Football Correspondent

There were nearly 80,000 spectators roaring on their team during Sunday's FA Cup semi-finals, but the 10,000-plus empty seats spoke louder than any of the filled ones.

"Enough is enough" was their cry. "Our loyalty has been exploited for too long." Now, perhaps, the game will recognise that in its grasping rush towards millionaire players and multi-million-pound television deals the most important people have been left behind. It had better, or the boom will turn to dust.

Supporters have long been treated like children, to be seen but not heard - except when creating the "atmosphere" so beloved by television. In the bad old days they were regarded as terrace fodder, expected to turn up every fortnight despite archaic, often dangerous, facilities. Even after years of decline and tragedy it took government legislation to change that.

Now they are seen as cash cows, to be milked at the gate, at the club megastore, and by superfluous membership schemes. While Manchester United fans complain about admission prices, those of Middlesbrough and Sunderland protest at season-ticket only entry. The clubs point to better stadiums, fans retort by noting that the Football Trust has paid for many of the improvements and television was supposed to subsidise the rest - compensation, in part, for the constant switching of fixtures to inconvenient Sunday afternoons and Monday evenings.

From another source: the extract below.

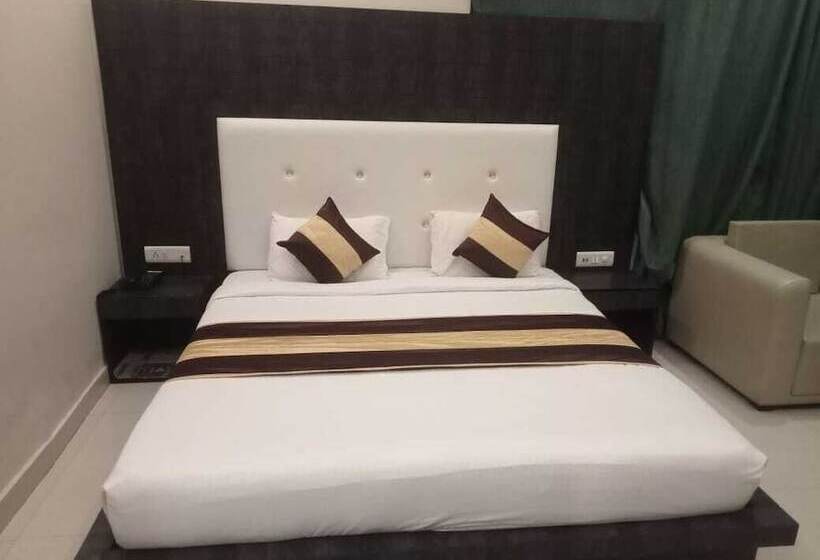 ホテル Eden Green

The Football Association, freed from even a cursory nod at preserving fan-club relations, is even greedier. Ninety per cent of semi-final tickets were priced at pounds 30-pounds 38. Bland programmes were pounds 3. The wonder is not that 10,000 stayed away, it is that so many turned up.

It is no surprise to find the guilty men are the same group that expect fans to pay up to pounds 45 to watch England play friendlies. Crawl forward the Match and Grounds Committee, a 14-man covey who watch much of their professional football from the comfort of a directors' box, with a half- time buffet, a post-match drink and all for free. They include just five members of the professional game.

Meanwhile, players' earnings move beyond comprehension and a disturbing number of directors and chairman are becoming rich through changing club structures, selling shares, or paying themselves vast salaries as managing directors.

They sit, in their panelled board rooms and bray "plenty more where you came from" at complaining fans. Not for ever, there won't be, not if prices continue to rise. And, when the stands are empty, will Bergkamp, Gullit and Sky still be interested?